**Exercise requirements:** Give back each entry word for word, but drop the images.

'''

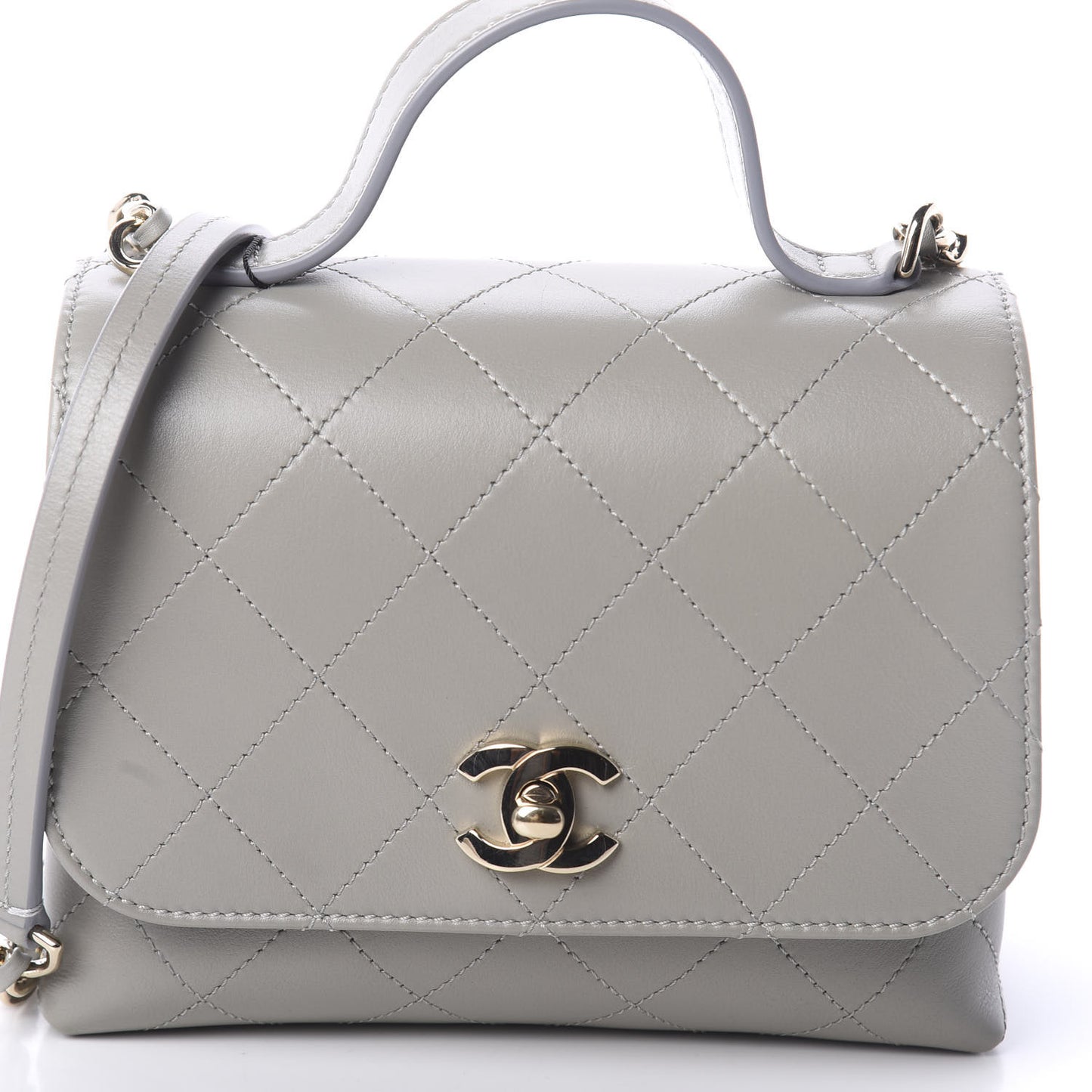 Calfskin Quilted Small Double Pocket Top Handle Flap Grey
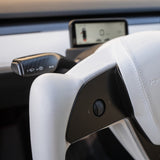 TESERY Yoke Plaid Steering Wheel for Tesla Model 3 / Y【White Leather】 - Tesery Official Store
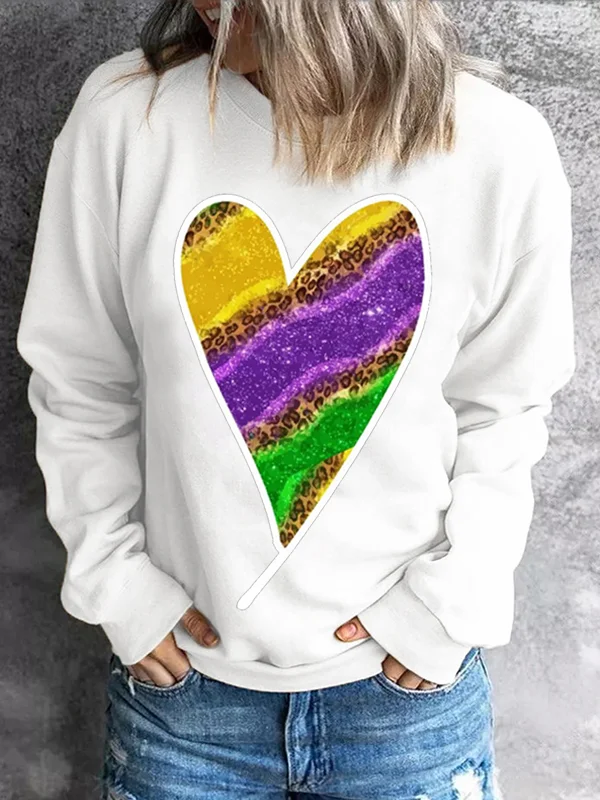 Round Neck Shift Casual Sweatshirt Mardi Gras Hoodies Shiny Heart-shape Graphic Top Oversized Fashion Sweaters Hoody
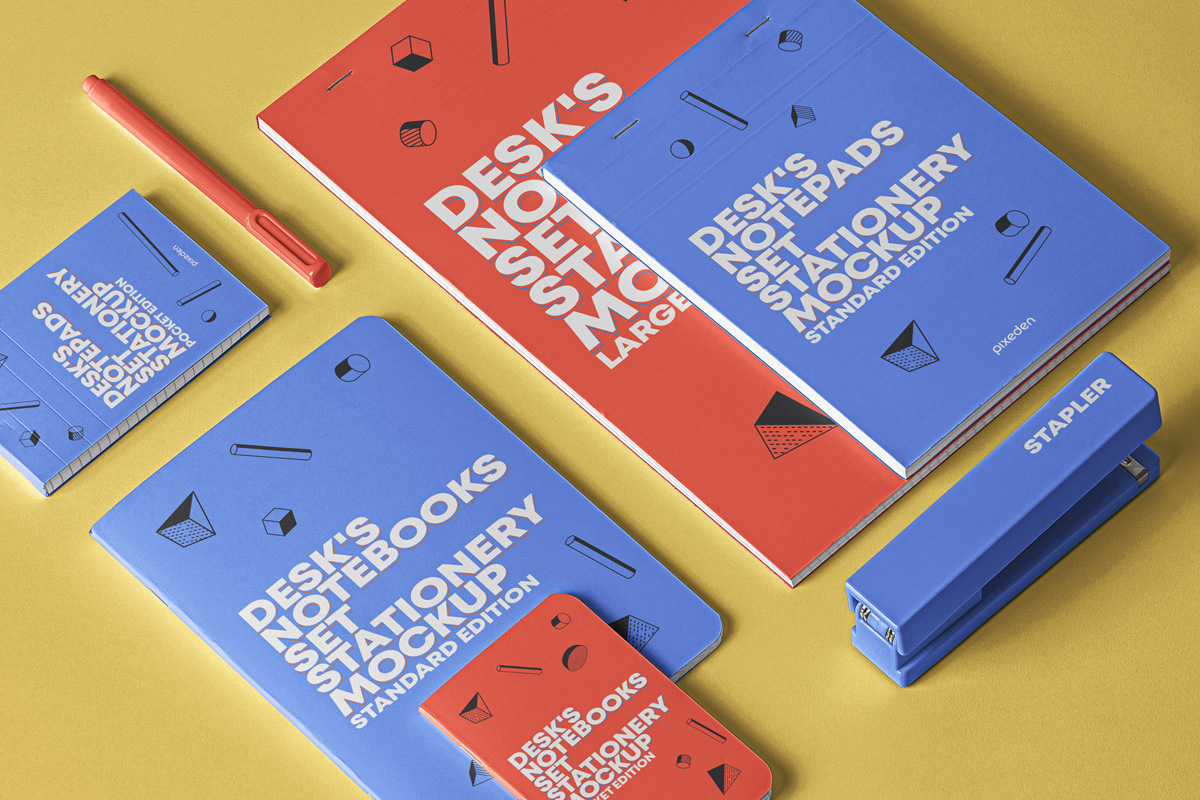 Psd Notepad Mockup Desk Set | Psd Mock Up Templates | Pixeden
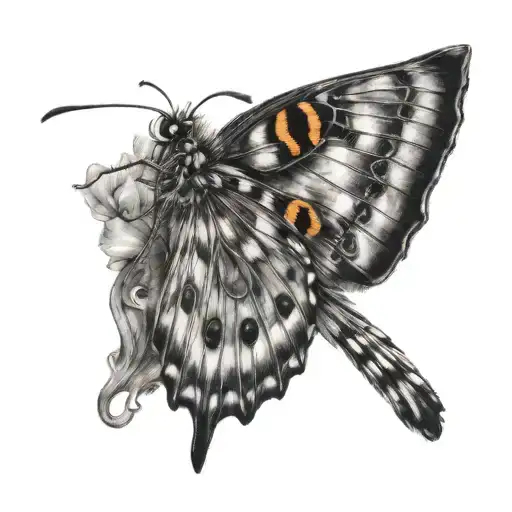 bird with a semi colon butterfly tattoo design idea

'''

**Answer section:**
 Calfskin Quilted Small Double Pocket Top Handle Flap Grey
 TESERY Yoke Plaid Steering Wheel for Tesla Model 3 / Y【White Leather】 - Tesery Official Store
 Round Neck Shift Casual Sweatshirt Mardi Gras Hoodies Shiny Heart-shape Graphic Top Oversized Fashion Sweaters Hoody
 Psd Notepad Mockup Desk Set | Psd Mock Up Templates | Pixeden
 bird with a semi colon butterfly tattoo design idea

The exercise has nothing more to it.